_EXERCISE INSTRUCTIONS_: Filter the records, keeping every line that has the string "Hotel".

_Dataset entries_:
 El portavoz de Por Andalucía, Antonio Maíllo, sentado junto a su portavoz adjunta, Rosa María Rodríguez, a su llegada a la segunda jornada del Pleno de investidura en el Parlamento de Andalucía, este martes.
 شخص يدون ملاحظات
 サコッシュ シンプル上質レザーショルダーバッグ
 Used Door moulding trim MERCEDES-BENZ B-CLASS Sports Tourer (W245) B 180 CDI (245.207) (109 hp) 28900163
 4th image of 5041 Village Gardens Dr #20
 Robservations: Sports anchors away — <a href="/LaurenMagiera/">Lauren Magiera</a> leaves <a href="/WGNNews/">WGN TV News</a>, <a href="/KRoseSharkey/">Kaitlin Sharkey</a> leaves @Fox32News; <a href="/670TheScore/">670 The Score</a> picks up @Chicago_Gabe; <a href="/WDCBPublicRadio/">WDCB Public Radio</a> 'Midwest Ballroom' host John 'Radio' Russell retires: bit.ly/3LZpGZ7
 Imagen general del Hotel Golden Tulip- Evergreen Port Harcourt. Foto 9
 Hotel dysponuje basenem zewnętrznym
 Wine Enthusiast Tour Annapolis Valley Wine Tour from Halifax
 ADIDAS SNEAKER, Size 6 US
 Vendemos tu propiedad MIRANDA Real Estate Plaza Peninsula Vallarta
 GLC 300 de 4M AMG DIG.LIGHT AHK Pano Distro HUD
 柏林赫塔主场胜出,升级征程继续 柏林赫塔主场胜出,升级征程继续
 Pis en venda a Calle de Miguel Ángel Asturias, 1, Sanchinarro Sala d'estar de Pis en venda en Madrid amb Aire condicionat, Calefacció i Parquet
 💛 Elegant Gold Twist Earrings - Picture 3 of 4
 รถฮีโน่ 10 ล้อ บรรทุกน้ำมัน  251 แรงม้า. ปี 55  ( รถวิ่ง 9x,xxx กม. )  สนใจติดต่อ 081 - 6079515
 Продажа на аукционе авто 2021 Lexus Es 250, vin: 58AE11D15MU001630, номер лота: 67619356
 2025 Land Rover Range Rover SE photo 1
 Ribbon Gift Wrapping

_EXERCISE SOLUTION_:
 Imagen general del Hotel Golden Tulip- Evergreen Port Harcourt. Foto 9
 Hotel dysponuje basenem zewnętrznym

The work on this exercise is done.